And this would mean for the trade unions? "That kind of logic would be fatal, not only for the party but for the union. Actually, the present French trade unions can only regain their unity and win decisive influence over the masses if their best elements are constituted in the class-conscious revolutionary vanguard of the proletariat, that is, in a Communist Party. Marx gave no final answer to the question of the relations between party and trade unions, and indeed he could not do so. For these relations are dependent on the varying circumstances in each separate case… The forms of organisation may alter, but the fundamental role of the party remains constant."
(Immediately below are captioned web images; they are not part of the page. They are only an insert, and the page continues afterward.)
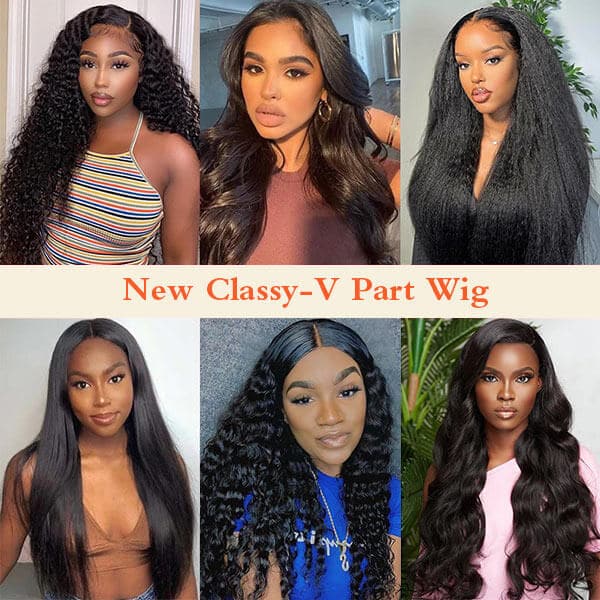V Part Human Hair Wig
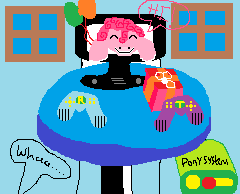 Size: 240x194 | Tagged: safe, artist:xray1324, pinkie pie, human, g4, 1000 hours in ms paint, antics, attempted 3d effect, balloon, birthday party, brony, confusement, ms paint, paint, party, picture for breezies, pinkie antics, random, speech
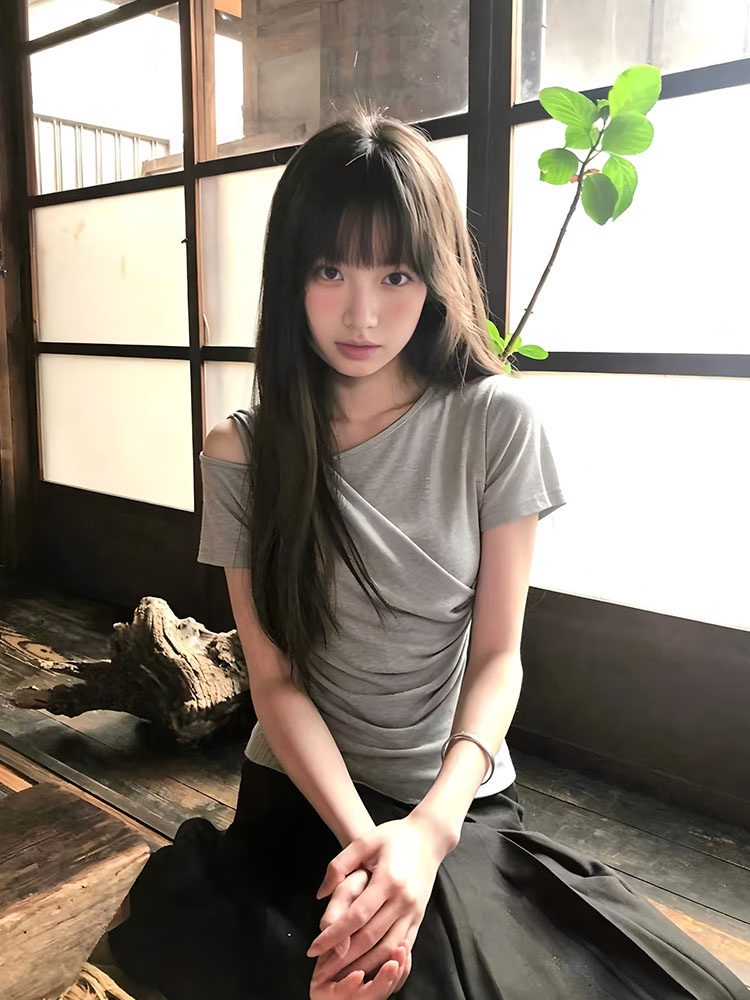 아메리칸 핫걸 오프숄더 주름 반팔 티셔츠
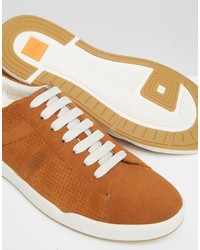 Мужские табачные замшевые кеды от Boss Orange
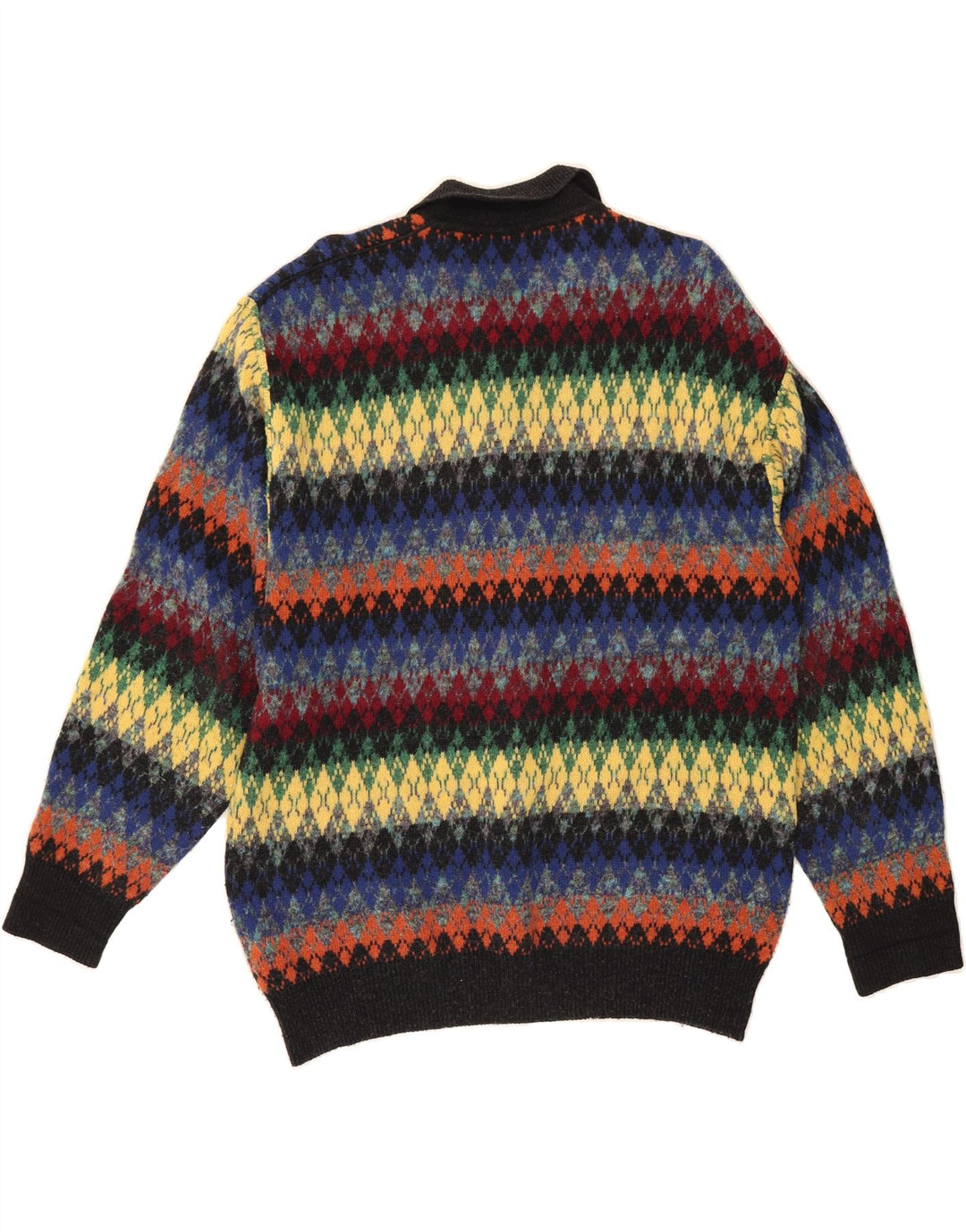 GIANNI BUGLI Mens Polo Neck Jumper Sweater IT 50 Medium Multicoloured Vintage Gianni Bugli and Second-Hand Gianni Bugli from Messina Hembry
Party is not union; union is not party

Trotsky ends his discussion of Louzon's views by spelling out the difference between trade unions and the party of the working class: "The party, if it be worthy of the name, includes the whole vanguard of the working class and uses its ideological influence for rendering every branch of the labour movement fruitful, especially the trade union movement. But if the trade unions are worthy of their name, they include an ever growing mass of workers, many backward elements among them. But they can only fulfil their task when consciously guided on firmly established principles. And they can only have this leadership when their best elements are united in the party of proletarian revolution."

Unions more proletarian than party

Replying to Trotsky, Robert Louzon adjusted his "position" in order to take into account the realities of relations between the French working class and the unions, admitting that the unions were not "the working class as a whole". Trotsky summed up Louzon's reply, in an article, "The Anarcho-Syndicalist Prejudice Again!", dated May 8, 1923.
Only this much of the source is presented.